• PROBLEM TO WORK ON:
Return every line of the listing below, unchanged, from its first line to the line holding "Highway 401 traffic", that line included.

------------------------------

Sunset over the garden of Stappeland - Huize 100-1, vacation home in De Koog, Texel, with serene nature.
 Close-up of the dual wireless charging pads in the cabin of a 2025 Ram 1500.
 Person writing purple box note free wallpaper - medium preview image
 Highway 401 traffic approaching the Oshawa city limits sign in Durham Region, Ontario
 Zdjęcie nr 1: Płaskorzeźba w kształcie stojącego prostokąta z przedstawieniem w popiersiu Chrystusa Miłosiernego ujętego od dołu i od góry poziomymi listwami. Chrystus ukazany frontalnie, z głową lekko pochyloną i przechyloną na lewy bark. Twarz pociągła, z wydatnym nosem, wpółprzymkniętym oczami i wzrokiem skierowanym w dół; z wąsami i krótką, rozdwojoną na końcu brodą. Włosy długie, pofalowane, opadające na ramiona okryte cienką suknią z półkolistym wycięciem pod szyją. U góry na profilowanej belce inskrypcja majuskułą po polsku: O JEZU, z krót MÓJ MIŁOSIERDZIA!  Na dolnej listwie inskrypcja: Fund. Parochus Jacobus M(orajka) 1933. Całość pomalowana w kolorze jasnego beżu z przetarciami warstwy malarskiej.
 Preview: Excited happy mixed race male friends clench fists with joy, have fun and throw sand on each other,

------------------------------

• ANSWER TO THE EXERCISE:
Sunset over the garden of Stappeland - Huize 100-1, vacation home in De Koog, Texel, with serene nature.
 Close-up of the dual wireless charging pads in the cabin of a 2025 Ram 1500.
 Person writing purple box note free wallpaper - medium preview image
 Highway 401 traffic approaching the Oshawa city limits sign in Durham Region, Ontario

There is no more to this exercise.